● **HOW TO COMPLETE THIS TASK**
Retype the listing below line for line, but only from the line with "SR-71 Habu Blackbrd" down to the line with "На фото: военнослужащий ВС РФ в зоне СВО.", inclusive. Pictures stay out.

● **DATA FOR PROCESSING**

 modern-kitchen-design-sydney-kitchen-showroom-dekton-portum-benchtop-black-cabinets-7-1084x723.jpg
...
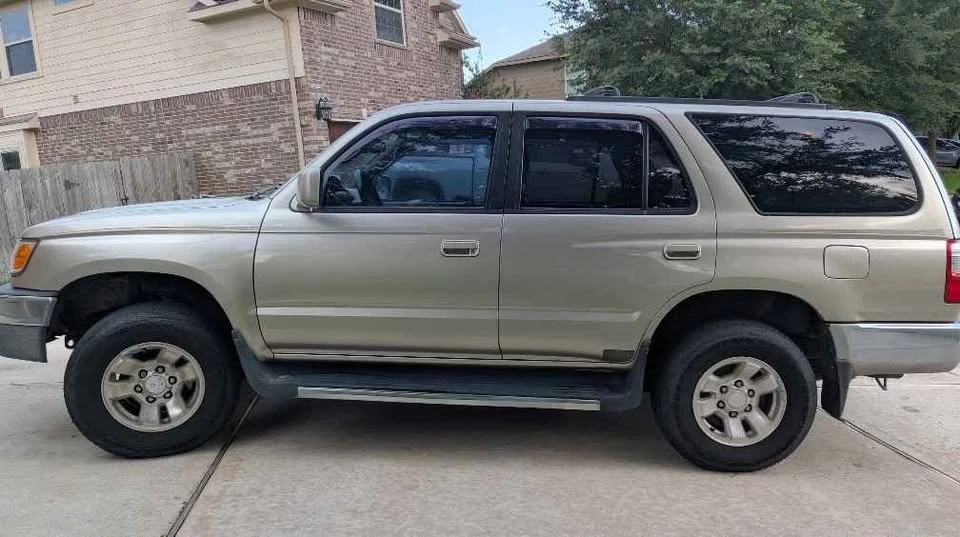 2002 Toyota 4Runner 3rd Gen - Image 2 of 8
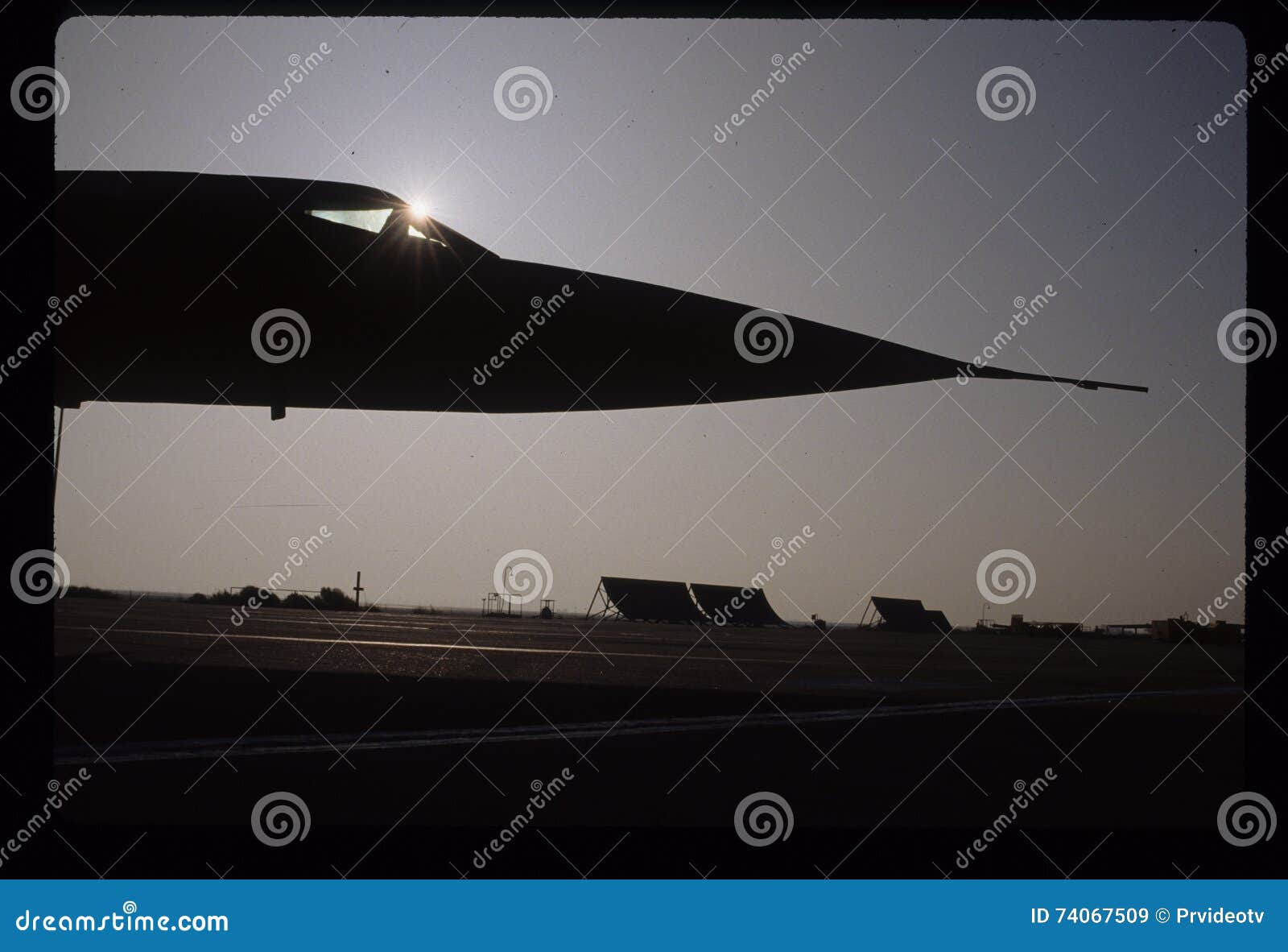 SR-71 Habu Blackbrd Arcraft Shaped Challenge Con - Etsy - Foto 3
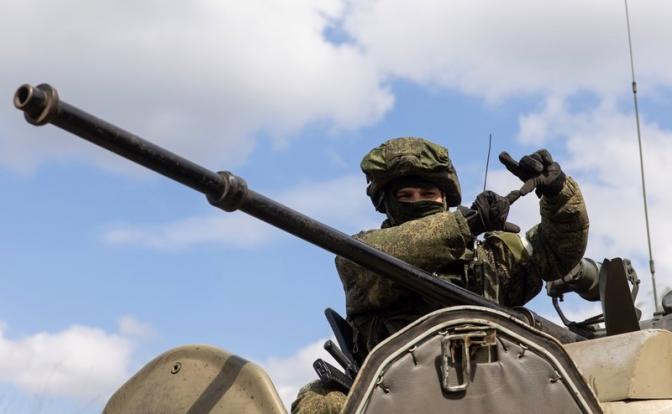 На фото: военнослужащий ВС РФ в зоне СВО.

● **PROBLEM SOLUTION**
 SR-71 Habu Blackbrd Arcraft Shaped Challenge Con - Etsy - Foto 3
 На фото: военнослужащий ВС РФ в зоне СВО.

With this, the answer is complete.